Selecting and concatenating data from several XLS Workbooks RRS feed

  • Question

  • Hi all.  I need some good pointers and apologize first that I will need some spoonfeeding -- it's been 12 years since I programmed Perl or VBScript and never had to actually use VBA beyond the simplest global validation macro!  But my career has perversely turned full circle and I suddenly need to program a data filter!

    I must produce a detailed asset register.  A required Excel template was given to our asseet surveyors but in their wisdom they produced one spreadsheet for each building instead of a single list, and then changed the data layout as they thought appropriate for each building.  I've been given 800+ workbooks that need to be in one worksheet.  Some columns they left empty (which is fine, copying null data is ok here), but sometimes they deleted the unused column.  Some shreadsheets then have new columns added that are not required.

    So, in the source date, not all required columns necessarily exist and must therefore be replaced by null data to maintain structure, and some additional unnecessary columns exist that need to be ignored, the result being that columns are not necessarily in the correct order/location.

    How do I select certain columns from selection of XLS files and import the data into a new single worksheet?  Is the right way about this to use VBA in a new Target worksheet to suck in data, or is it possible/easier to use some other script like SQL to Select and Copy data?

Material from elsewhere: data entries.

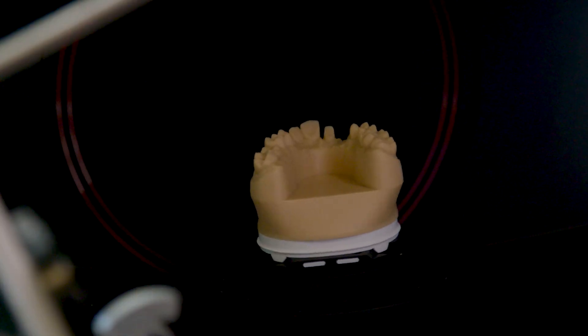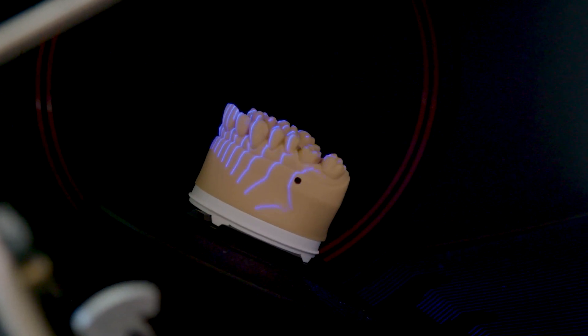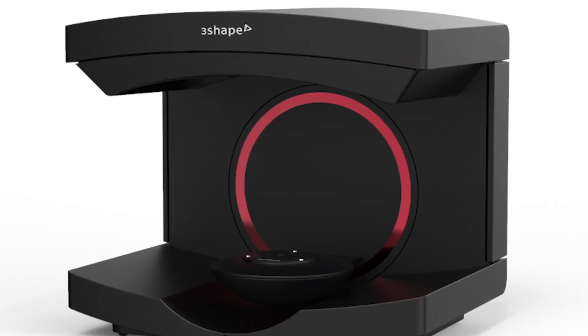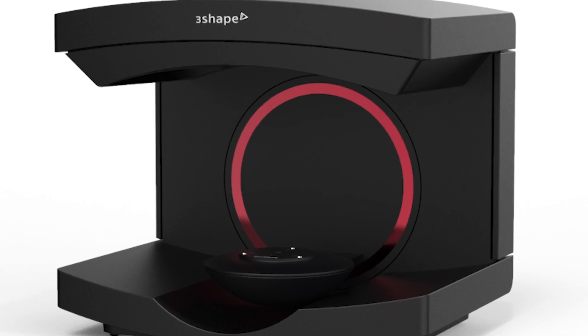Visually, the red e-scanners are similar to the existing e-scanners. The only difference being the red foils instead of the silver. At 3Shape, we are very passionate about the work we do, so I can tell you that there were a lot of discussions about the shade of red to be used on the foils.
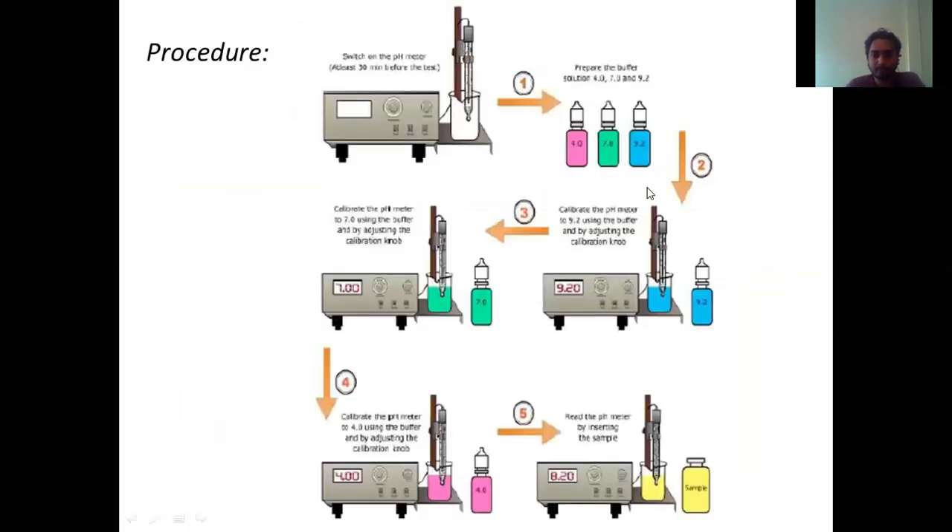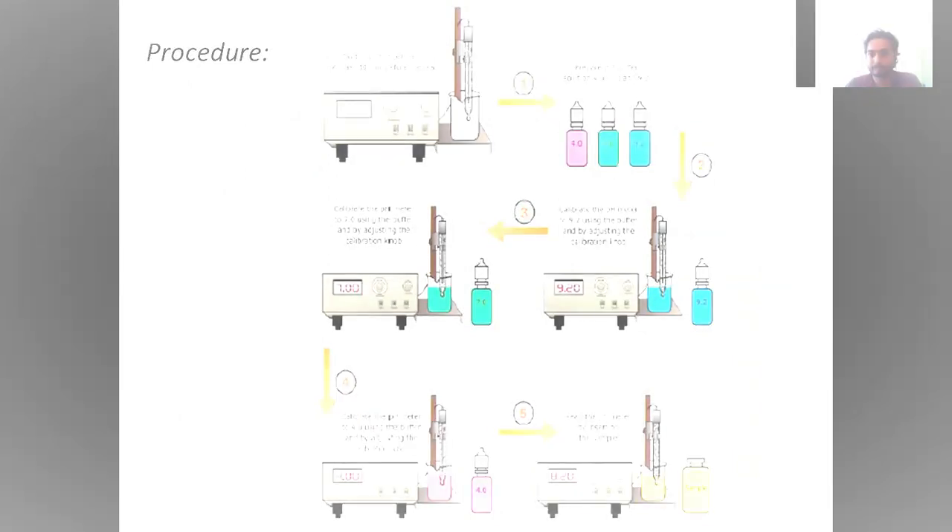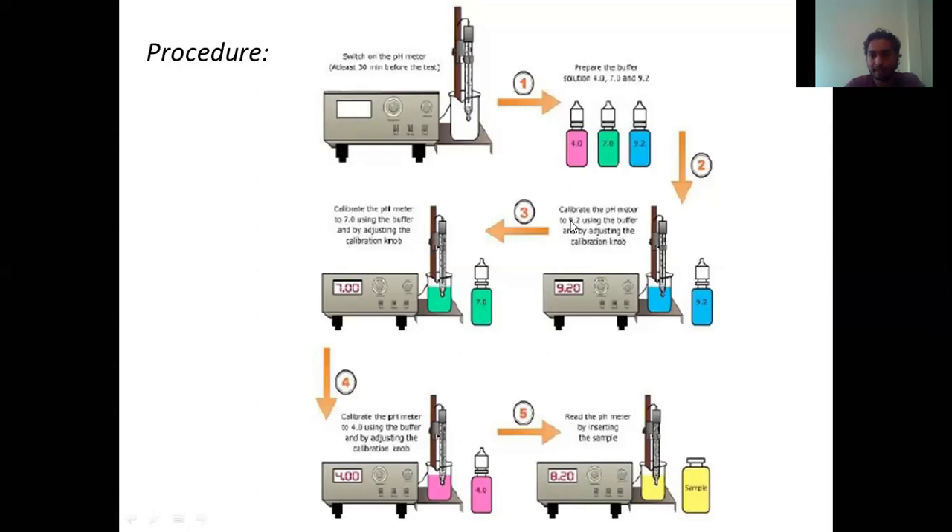After preparing the buffer solutions, we have to calibrate the equipment — the calibration process is more involved than the actual testing process. First, dip the electrode into the pH 9.2 buffer solution. You will get some readings — not necessarily exactly 9.2. So we rotate the calibration knob until it reads 9.2. As soon as it reads 9.2, we can say it is partially calibrated. Then remove the solution and wash this electrode with distilled water — always wash the electrode with distilled water between calibrations.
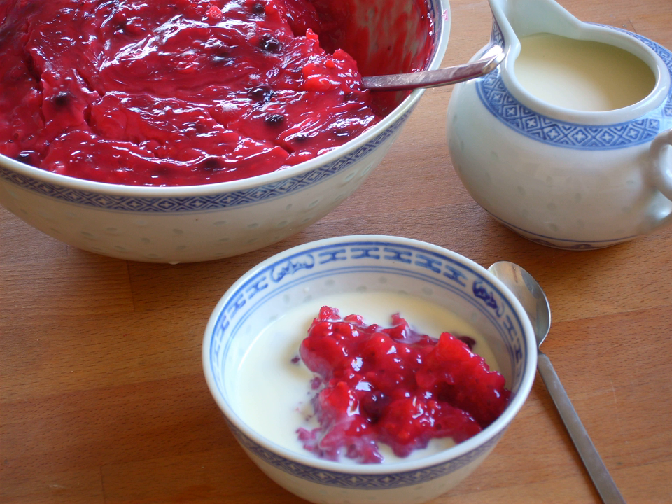The essential ingredients that justify the adjective are red summer berries such as redcurrant, blackcurrant, raspberries, strawberries, blackberries, bilberries, and stoned black cherries.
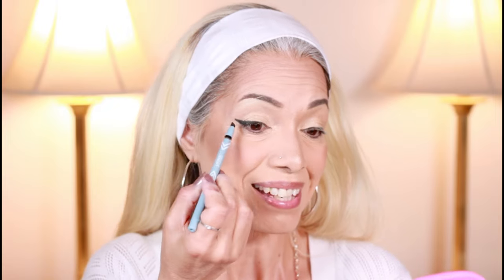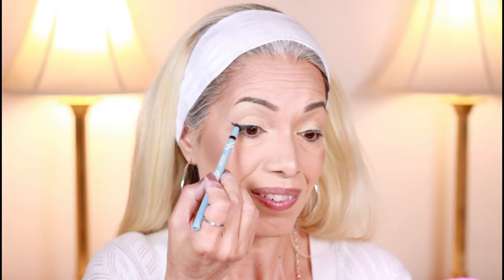Grab your smudger just like this and then just smudge away however you like. It's time for the brown eyeliner pen — I'm going to go ahead and put it on my waterline. These colors are so soft and they're so pigmented.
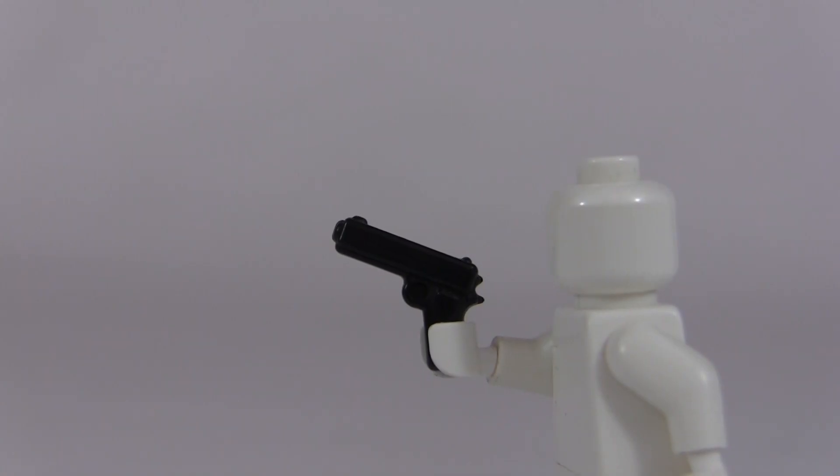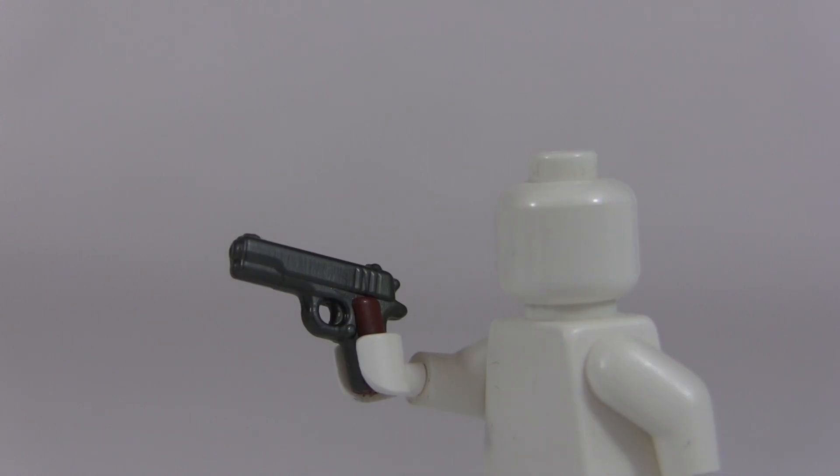We are looking at the old version of the BrickArms 1911 — this is the un-reloaded version in solid black. As you can see, there's not too much detail on this pistol. There's only one grip point, which is the grip, and all we have is a little exposed barrel, the sights, the trigger, and the hammer. That's really all the detail we get on this gun.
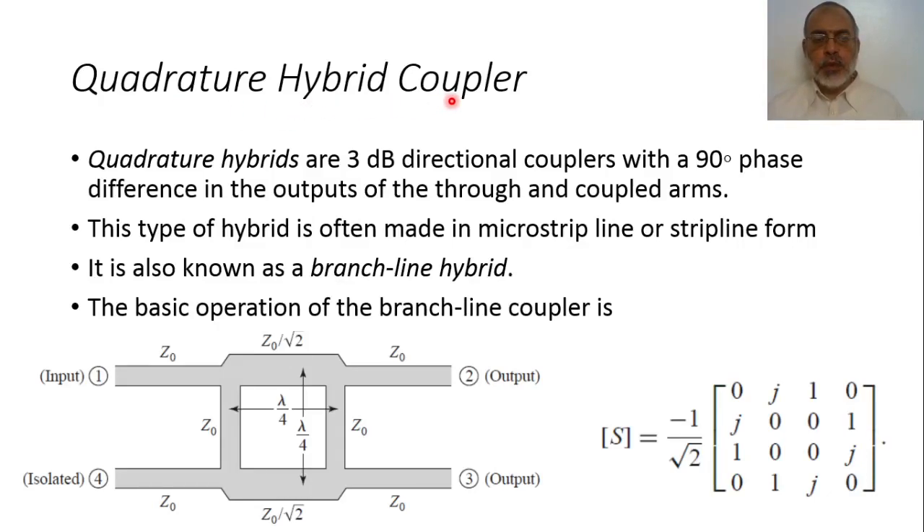The quadrature hybrid coupler is another important type of directional coupler. It is basically a 3 dB directional coupler, meaning it divides power between two ports with equal amplitudes but with a 90-degree phase shift. This 90-degree phase shift is the key point of its name 'quadrature.' This type of hybrid is often made in microstrip lines or strip lines, and usually not made from waveguides. It is also known as a branch line coupler or branch line hybrid.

    The algorithm is simple enough in my mind:
    Open next available file in set
    Identify last populated Row in that file
    Identify last populated Row in this worksheet
    -  Select Column by name (Row 1 title) to populated number of Rows
    -  Inject data into current worksheet at end of current dataset
    -  Repeat for other required Columns
    Repeat for other files

    Identifying last populated Row, rather than pasting data to the end of each relevant Column, is necesary to prevent data becoming out of sequence when unused columns are encountered.  I am fully aware that each step that sounds simple is going to be very involved when rendered into VB!

    I found this useful thread* about importing data from external files, which I shall work on to see if I can amend it successfully, but I have no clue about the DOM or Object properties of an Excel Workbook to set about coding from scratch.  I used to be a script-monkey/traditional hacker in a previous career so I'm capable of modifying other peoples code if I have a syntax handbook available, but starting from scratch is a completely different matter after this number of years...

    Anyone have some procedures for these steps in a code library somewhere?  Thank you all for any help you can provide...


    *Of course, I had to recreate my accont after too long dormant, so I can't yet post a link.  This is the address I tried to href:

    • Edited by Dranok Thursday, October 9, 2014 10:03 AM
    Thursday, October 9, 2014 9:59 AM

All replies

  • Re:  Lots of files, open each, extract data, close file

    Your task has been done before, but it is complicated by the possible unique structure of each workbook.
    It will be easier/faster if all of the files (workbooks) are in the same folder on your machine
    with no other files in that folder,
    and with all files having been created in the same general Excel version...  .xls or .xlsx or .xlsm
    Note:  save the original workbooks in a separate folder and do your work on a copy of the folder.

    Also, each file (workbook) can contain multiple worksheets,
    and each worksheet can be in a different position in the workbook,
    and each worksheet can have a custom name on the worksheet tab.
    A particular worksheet is identified by its position... Worksheets(2) for instance or its name...Worksheets("Sludge")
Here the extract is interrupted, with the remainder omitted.